▶ **Aim of the task**
Your copy should begin with the line containing "Alvaro Fernandez interpreta", end with the line containing "Semi-D Factory For Rent", match the listing below exactly, and contain no pictures.

▶ **Material shown**

⟨

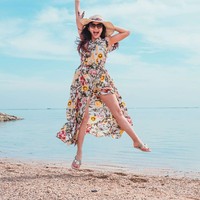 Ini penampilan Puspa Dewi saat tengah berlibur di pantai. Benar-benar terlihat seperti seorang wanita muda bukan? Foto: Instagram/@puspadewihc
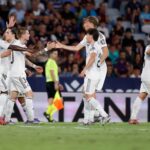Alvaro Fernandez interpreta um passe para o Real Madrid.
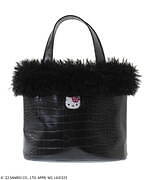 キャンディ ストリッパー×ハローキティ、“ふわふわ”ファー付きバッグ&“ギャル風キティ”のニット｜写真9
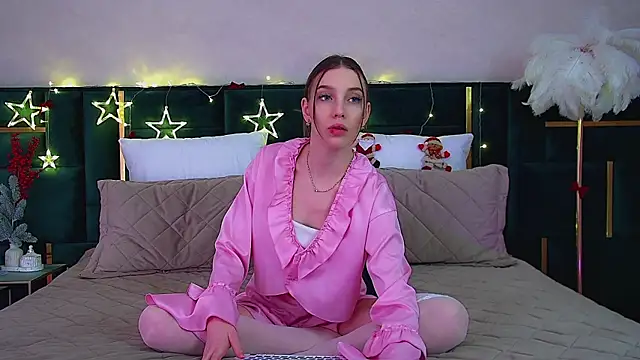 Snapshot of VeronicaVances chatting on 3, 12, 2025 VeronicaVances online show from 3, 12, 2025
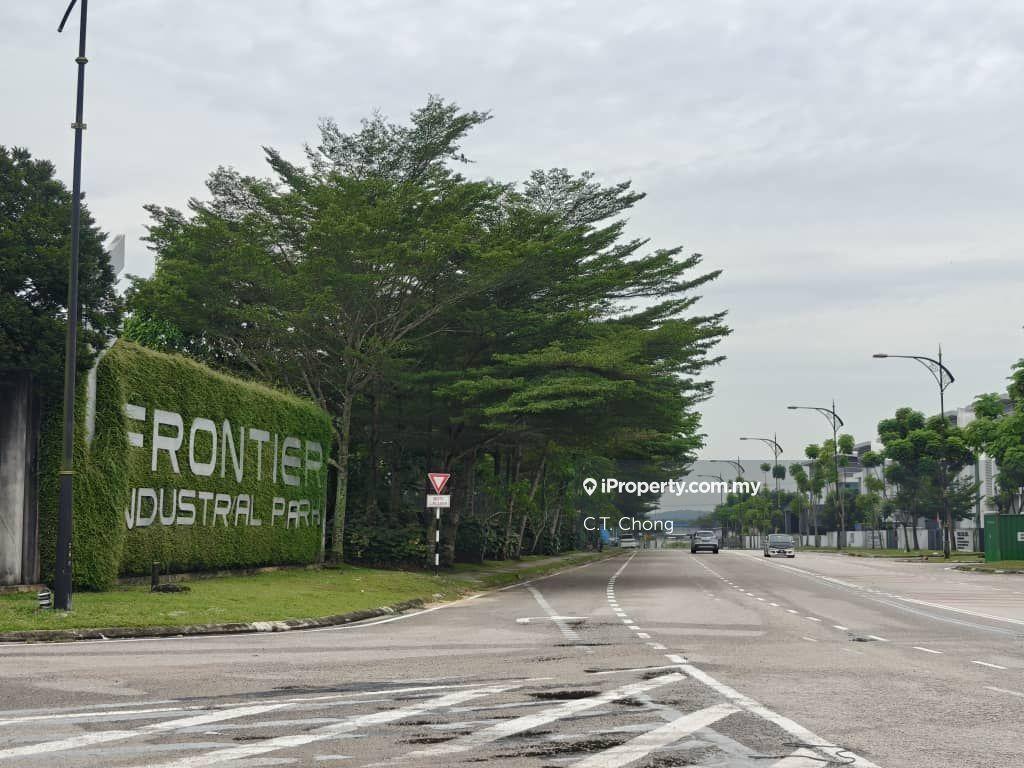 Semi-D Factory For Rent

⟩
⟨

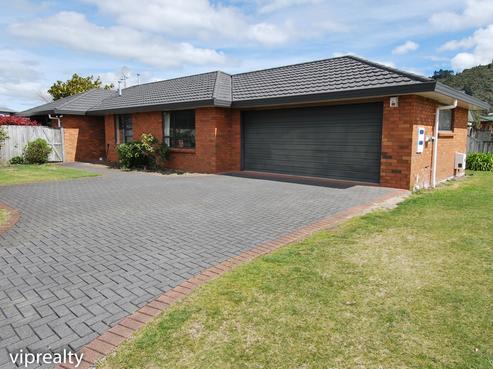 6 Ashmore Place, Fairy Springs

⟩

▶ **Answer area**
Alvaro Fernandez interpreta um passe para o Real Madrid.
 キャンディ ストリッパー×ハローキティ、“ふわふわ”ファー付きバッグ&“ギャル風キティ”のニット｜写真9
 Snapshot of VeronicaVances chatting on 3, 12, 2025 VeronicaVances online show from 3, 12, 2025
 Semi-D Factory For Rent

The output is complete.